**INSTRUCTIONS FOR THE TASK:** Reproduce the first line of the entries that follow and each later line, word for word, ending with the one containing "Volkswagen Golf 2023".

Items listed in a dataset
▼

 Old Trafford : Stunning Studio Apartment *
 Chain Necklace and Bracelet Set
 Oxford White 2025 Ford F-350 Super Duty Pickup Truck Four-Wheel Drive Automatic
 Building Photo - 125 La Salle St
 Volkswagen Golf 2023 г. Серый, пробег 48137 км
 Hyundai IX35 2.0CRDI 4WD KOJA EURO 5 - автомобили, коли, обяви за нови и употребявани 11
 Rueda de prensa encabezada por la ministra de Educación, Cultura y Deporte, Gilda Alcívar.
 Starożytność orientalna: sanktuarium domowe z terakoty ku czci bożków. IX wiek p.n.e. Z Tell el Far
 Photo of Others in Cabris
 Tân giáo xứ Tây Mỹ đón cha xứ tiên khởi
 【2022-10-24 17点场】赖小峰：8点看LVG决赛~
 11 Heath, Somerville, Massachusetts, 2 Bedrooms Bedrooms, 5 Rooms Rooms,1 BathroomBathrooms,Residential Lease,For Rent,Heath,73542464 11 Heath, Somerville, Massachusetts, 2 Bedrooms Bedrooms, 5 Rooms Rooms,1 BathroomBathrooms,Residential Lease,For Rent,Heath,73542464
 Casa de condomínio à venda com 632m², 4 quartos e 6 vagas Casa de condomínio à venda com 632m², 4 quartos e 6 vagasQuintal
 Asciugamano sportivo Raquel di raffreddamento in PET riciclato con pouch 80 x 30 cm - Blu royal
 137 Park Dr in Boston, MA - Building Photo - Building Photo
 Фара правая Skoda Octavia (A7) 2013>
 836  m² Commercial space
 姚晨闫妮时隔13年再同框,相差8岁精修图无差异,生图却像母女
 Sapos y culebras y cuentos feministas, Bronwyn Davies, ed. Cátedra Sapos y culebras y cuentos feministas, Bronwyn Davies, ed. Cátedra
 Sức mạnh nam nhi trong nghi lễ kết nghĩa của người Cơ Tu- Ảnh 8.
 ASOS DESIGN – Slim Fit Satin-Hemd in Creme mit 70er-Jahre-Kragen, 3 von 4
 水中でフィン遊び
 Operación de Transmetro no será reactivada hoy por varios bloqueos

▲

**WRITTEN ANSWER:**
 Old Trafford : Stunning Studio Apartment *
 Chain Necklace and Bracelet Set
 Oxford White 2025 Ford F-350 Super Duty Pickup Truck Four-Wheel Drive Automatic
 Building Photo - 125 La Salle St
 Volkswagen Golf 2023 г. Серый, пробег 48137 км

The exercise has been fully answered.